現在までに、192カ国がパリ協定を批准し、その実施にコミットしている。COP26会議において、パリ協定の目的がどのように達成されるかについてさらなる決定がなされ、各国は、グラスゴー気候合意*17、特に、排出削減対策の講じられていない石炭火力発電の逓減(フェーズダウン)と非効率な化石燃料補助金のフェーズアウトの要求が含まれ、気候変動に対する強靭性を構築するために先進国から発展途上国まで年間1,000億ドルを提供するという誓約を再確認した。

 

*16 環境省のウェブサイトを参照いただきたい。(http://www.env.go.jp/earth/ondanka/cop/shiryo.html#03
*17 環境省のウェブサイトを参照いただきたい。(http://www.env.go.jp/earth/26cop2616cmp16cma10311112.html

「In Brief : IFRS基準と気候関連の開示」及び教育的資料で強調されている現在のIFRSの要求事項は何か、実務においてこれらがどのように適用されるのか?

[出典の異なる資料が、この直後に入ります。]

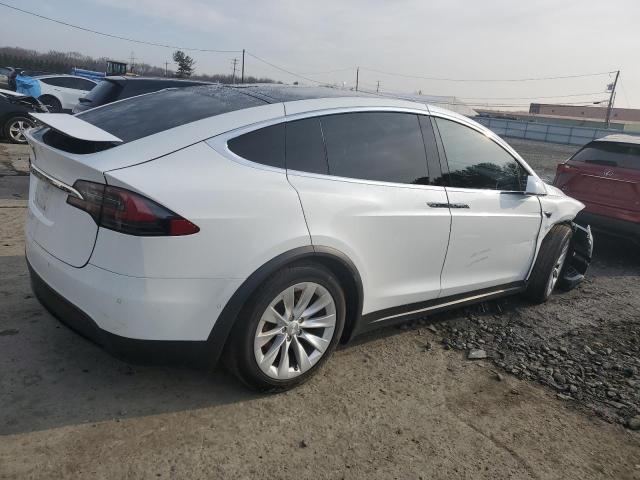 5YJXCAE25GF020407 - 2016 TESLA MODEL X WHITE photo 3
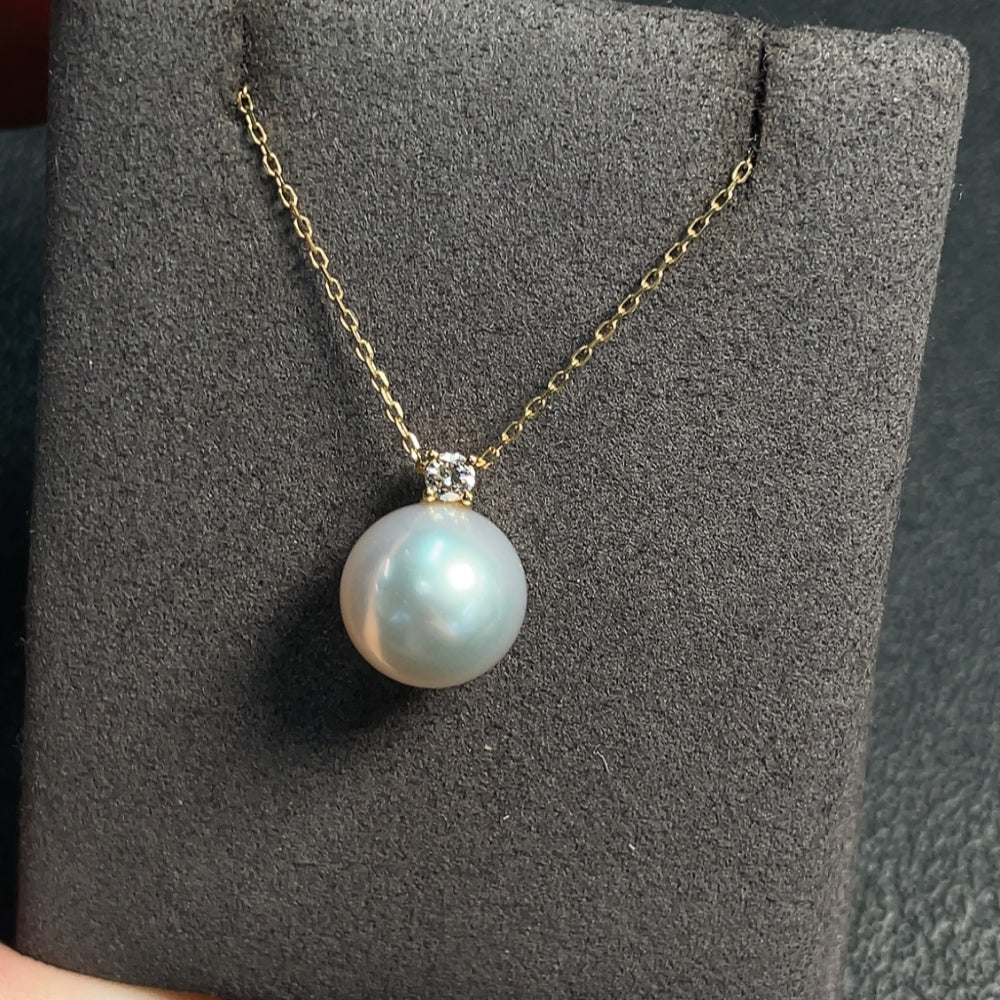 18K Saltwater Pearl Necklace with Diamond Accents, Total Weight Approximately 4g, Pearl Size Approximately 11.5mm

「In Brief : IFRS基準と気候関連の開示」は、Nick Anderson IASB理事(投資家としての経歴を有する)が執筆し、その前のオーストラリア会計基準審議会(AASB)及び監査保証審議会(AUASB)による公表物*18に基づいている。教育的資料は、このトピックに関するさらなる情報に対する利害関係者の要求に対応して開発された。どちらの出版物も、財務報告の次の特定の分野について議論している。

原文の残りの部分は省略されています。